Below are some records; output exactly the lines from the line with "City Hunter y el Perfume de Cupido DVD" to the line with "Demeter Coriander Tea", both ends kept, and nothing more.

### Given data
▼
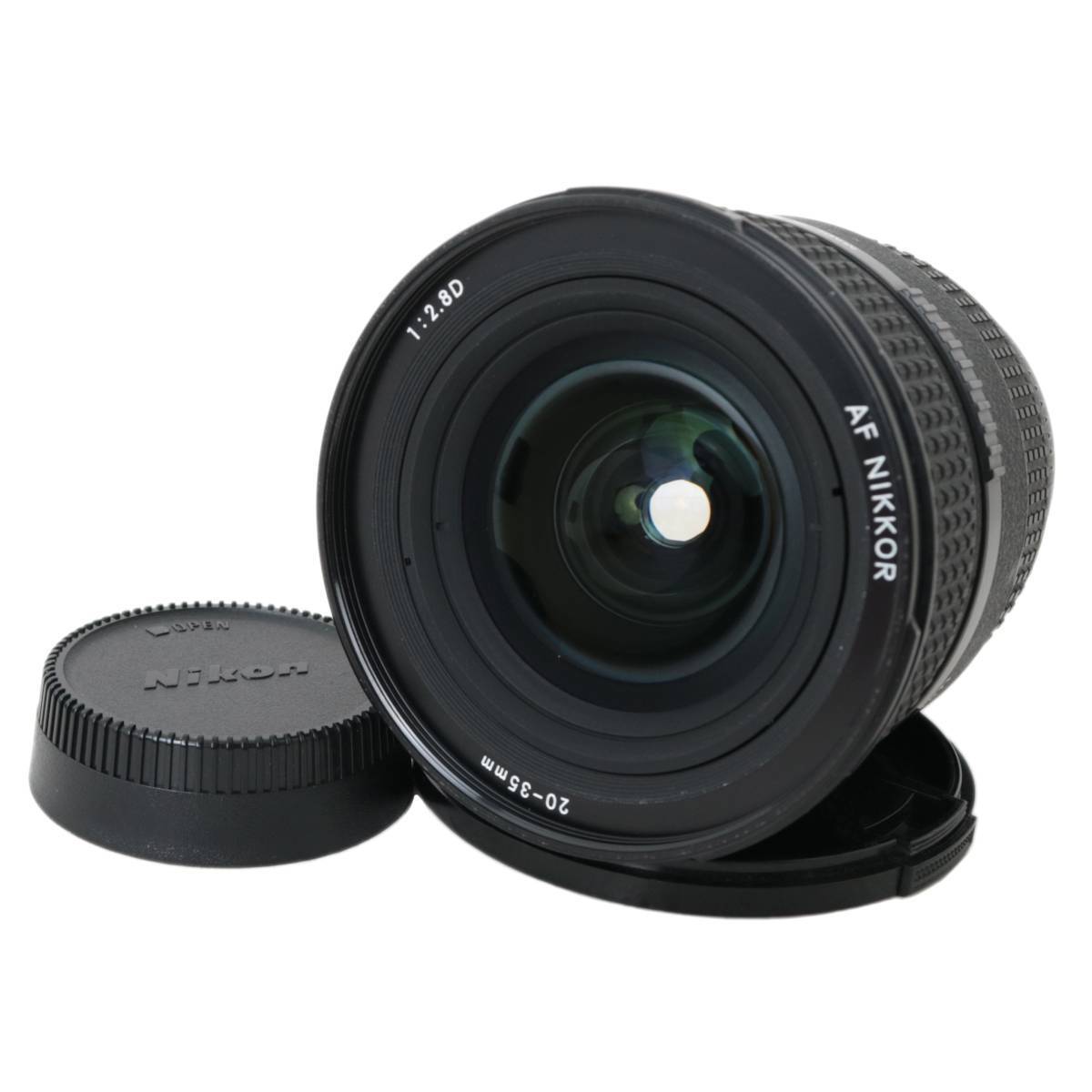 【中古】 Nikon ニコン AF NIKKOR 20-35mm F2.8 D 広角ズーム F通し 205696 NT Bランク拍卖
▲
▼
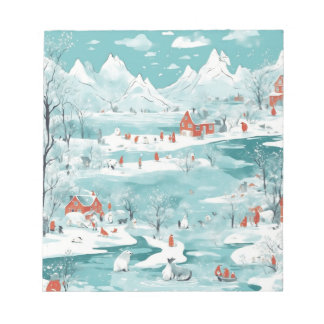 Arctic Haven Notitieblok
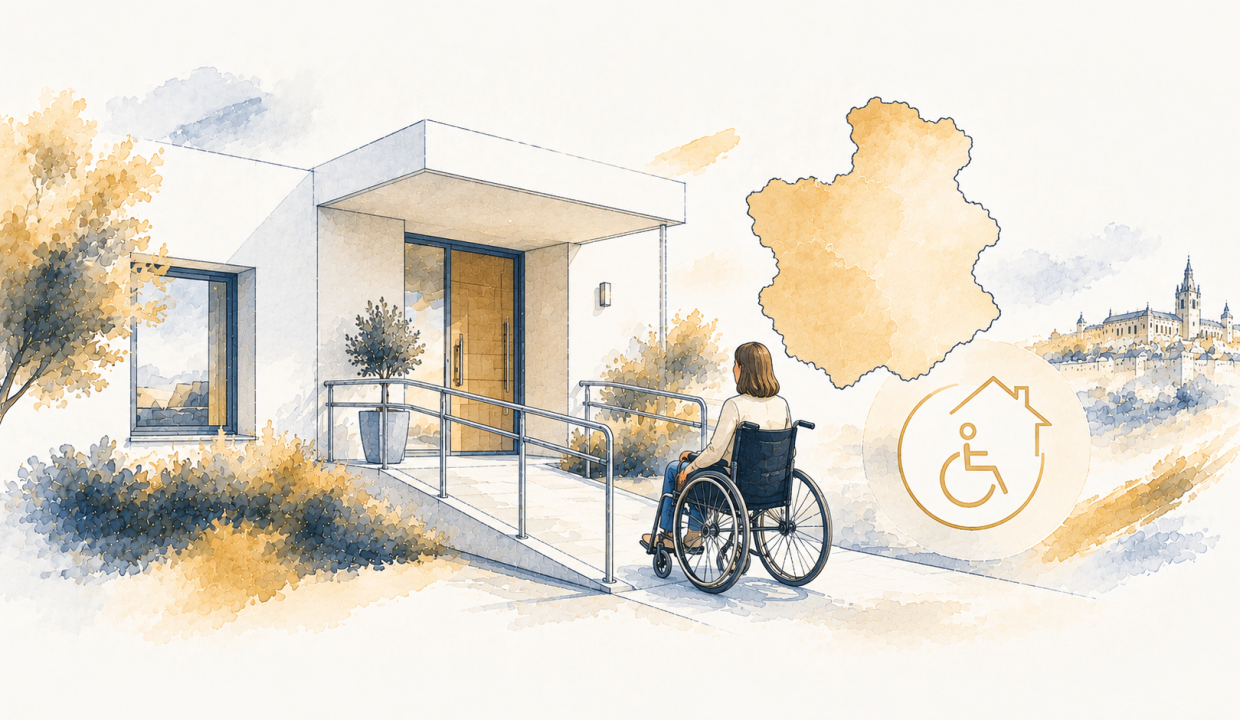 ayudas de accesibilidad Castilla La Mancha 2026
▲
▼
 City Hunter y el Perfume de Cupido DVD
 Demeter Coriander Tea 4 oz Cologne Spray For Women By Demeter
▲
### Task result
 City Hunter y el Perfume de Cupido DVD
 Demeter Coriander Tea 4 oz Cologne Spray For Women By Demeter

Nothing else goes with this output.